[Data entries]
——————————
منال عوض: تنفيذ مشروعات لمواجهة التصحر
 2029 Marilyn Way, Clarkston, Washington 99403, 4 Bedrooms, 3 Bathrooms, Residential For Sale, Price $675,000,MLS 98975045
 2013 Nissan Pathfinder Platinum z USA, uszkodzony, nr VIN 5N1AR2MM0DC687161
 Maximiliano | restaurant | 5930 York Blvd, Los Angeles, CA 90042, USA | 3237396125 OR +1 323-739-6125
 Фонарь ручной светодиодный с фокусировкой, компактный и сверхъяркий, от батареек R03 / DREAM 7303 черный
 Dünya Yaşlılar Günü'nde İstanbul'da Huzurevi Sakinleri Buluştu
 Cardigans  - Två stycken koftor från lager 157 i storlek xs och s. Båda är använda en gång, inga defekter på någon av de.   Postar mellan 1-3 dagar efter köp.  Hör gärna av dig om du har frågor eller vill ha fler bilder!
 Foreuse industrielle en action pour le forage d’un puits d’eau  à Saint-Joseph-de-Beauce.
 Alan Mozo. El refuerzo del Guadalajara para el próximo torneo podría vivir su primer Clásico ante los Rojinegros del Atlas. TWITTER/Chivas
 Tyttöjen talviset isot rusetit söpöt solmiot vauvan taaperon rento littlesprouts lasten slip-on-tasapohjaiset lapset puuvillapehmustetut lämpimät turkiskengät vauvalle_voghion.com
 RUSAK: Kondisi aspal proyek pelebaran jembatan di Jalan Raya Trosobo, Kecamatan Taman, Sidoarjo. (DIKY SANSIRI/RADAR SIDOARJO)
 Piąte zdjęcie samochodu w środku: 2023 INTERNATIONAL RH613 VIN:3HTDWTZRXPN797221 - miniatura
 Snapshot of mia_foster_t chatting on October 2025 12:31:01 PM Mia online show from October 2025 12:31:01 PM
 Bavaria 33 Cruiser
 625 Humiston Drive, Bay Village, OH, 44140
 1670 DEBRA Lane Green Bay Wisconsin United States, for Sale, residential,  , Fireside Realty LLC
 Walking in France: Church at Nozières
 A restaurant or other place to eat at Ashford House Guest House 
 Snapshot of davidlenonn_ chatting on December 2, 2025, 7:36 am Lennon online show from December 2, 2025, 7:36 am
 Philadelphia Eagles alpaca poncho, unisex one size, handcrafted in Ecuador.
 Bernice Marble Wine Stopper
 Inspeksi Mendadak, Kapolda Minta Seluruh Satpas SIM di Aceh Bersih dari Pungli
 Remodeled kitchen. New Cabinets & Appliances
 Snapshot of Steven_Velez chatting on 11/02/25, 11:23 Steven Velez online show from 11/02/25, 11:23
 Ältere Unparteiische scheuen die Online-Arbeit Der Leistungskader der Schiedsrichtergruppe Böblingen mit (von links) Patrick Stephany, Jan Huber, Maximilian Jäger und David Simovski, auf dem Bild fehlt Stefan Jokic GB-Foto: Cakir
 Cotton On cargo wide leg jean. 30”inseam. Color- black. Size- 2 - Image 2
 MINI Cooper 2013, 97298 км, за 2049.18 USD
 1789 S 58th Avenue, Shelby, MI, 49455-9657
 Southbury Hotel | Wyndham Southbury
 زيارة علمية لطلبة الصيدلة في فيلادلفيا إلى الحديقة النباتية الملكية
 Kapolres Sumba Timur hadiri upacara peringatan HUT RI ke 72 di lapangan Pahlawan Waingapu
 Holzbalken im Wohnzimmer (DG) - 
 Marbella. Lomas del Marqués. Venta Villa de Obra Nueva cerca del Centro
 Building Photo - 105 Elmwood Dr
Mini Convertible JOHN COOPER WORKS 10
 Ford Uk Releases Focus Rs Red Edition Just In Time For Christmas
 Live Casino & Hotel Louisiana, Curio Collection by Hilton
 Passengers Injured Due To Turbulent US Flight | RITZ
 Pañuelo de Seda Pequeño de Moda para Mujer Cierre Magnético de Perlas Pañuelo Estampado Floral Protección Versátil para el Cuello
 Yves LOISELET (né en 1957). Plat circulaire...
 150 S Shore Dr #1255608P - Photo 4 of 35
——————————
» What the exercise asks
The required output is the line holding "MINI Cooper 2013, 97298 км, за 2049.18 USD" plus every line after it in the data, reproduced exactly.

» Answer box
 MINI Cooper 2013, 97298 км, за 2049.18 USD
 1789 S 58th Avenue, Shelby, MI, 49455-9657
 Southbury Hotel | Wyndham Southbury
 زيارة علمية لطلبة الصيدلة في فيلادلفيا إلى الحديقة النباتية الملكية
 Kapolres Sumba Timur hadiri upacara peringatan HUT RI ke 72 di lapangan Pahlawan Waingapu
 Holzbalken im Wohnzimmer (DG) - 
 Marbella. Lomas del Marqués. Venta Villa de Obra Nueva cerca del Centro
 Building Photo - 105 Elmwood Dr
Mini Convertible JOHN COOPER WORKS 10
 Ford Uk Releases Focus Rs Red Edition Just In Time For Christmas
 Live Casino & Hotel Louisiana, Curio Collection by Hilton
 Passengers Injured Due To Turbulent US Flight | RITZ
 Pañuelo de Seda Pequeño de Moda para Mujer Cierre Magnético de Perlas Pañuelo Estampado Floral Protección Versátil para el Cuello
 Yves LOISELET (né en 1957). Plat circulaire...
 150 S Shore Dr #1255608P - Photo 4 of 35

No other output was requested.